▶ _EXERCISE_
Using the data below, transcribe exactly everything from the line that contains "I hope this" down to the line that contains "Once this is". Include both of those lines and none of the pictures.

#### SUPPLIED ENTRIES

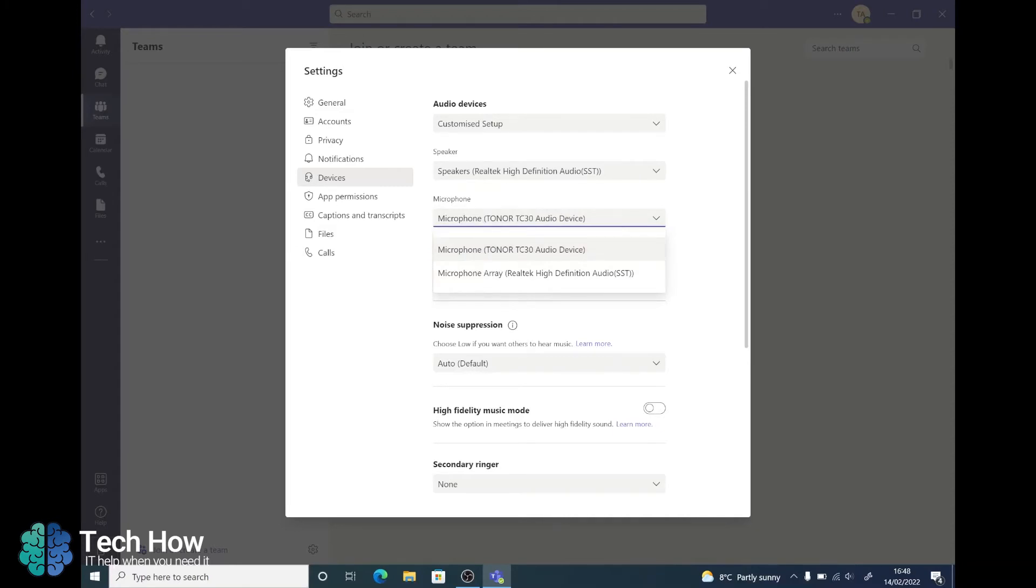If you have anything plugged in it'll usually be displayed as the actual name of the device which if you can't find give us a call.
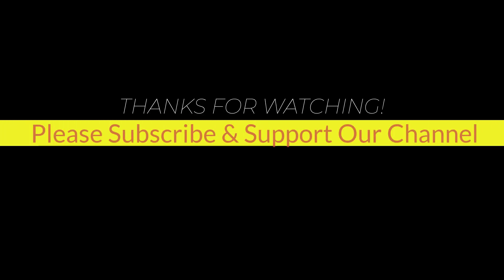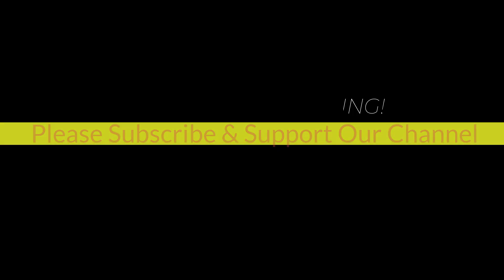I hope this tutorial helps you. Please like, share, and don't forget to subscribe to our channel. Thank you very much, see you in the next video.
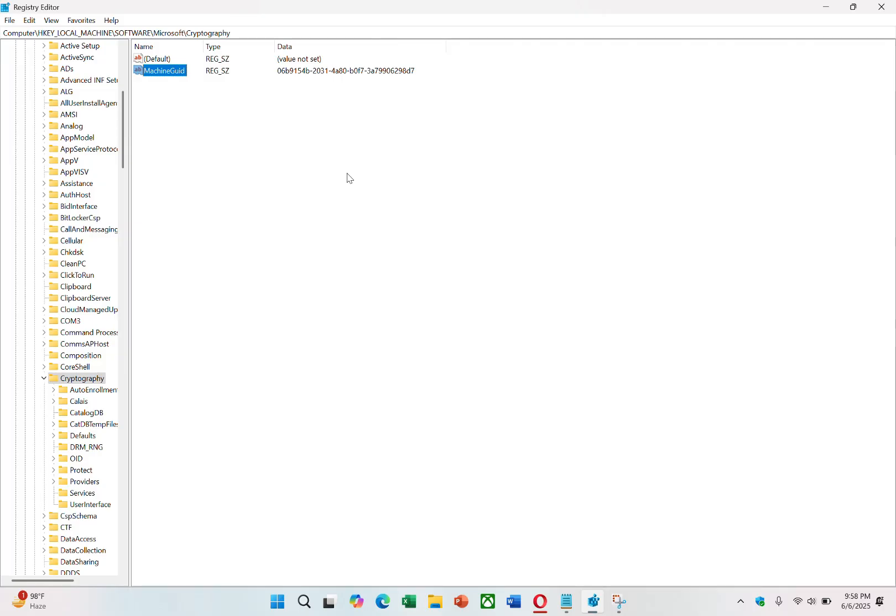Once this is done, your system will now have a new hardware ID. The final step is to restart your PC. After restarting, your computer will be operating with the new hardware ID.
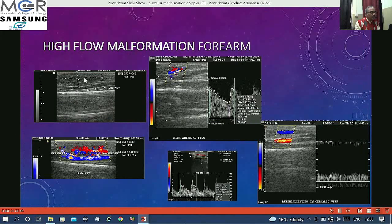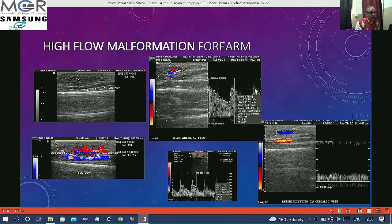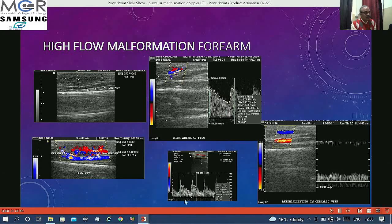Another example in the forearm: a small lesion where the plastic surgeon could feel pulsatility and advised ultrasound. It was sitting above the radial artery. On Doppler, it is all filled with color with aliasing at multiple places, showing very high systolic and diastolic components. The radial artery feeding this lesion also shows continuous systolic and diastolic flow with loss of triphasicity and increased flow volume. The cephalic vein shows arterialization of flow — all characteristic features of AV communication.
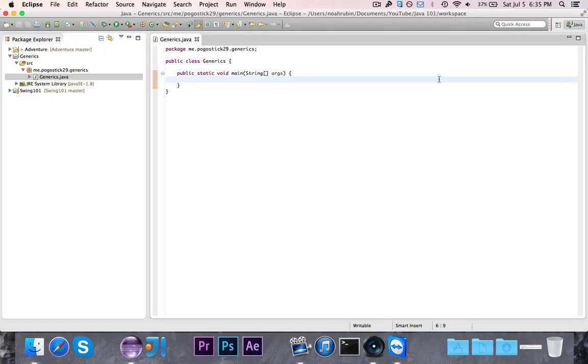Hey guys, Pogo here, and welcome to the next episode of Java 101. In this episode, I'm going to teach you guys about generics and autoboxing.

########

▶ _WRITTEN ANSWER_
I hope this tutorial helps you. Please like, share, and don't forget to subscribe to our channel. Thank you very much, see you in the next video.
Once this is done, your system will now have a new hardware ID. The final step is to restart your PC. After restarting, your computer will be operating with the new hardware ID.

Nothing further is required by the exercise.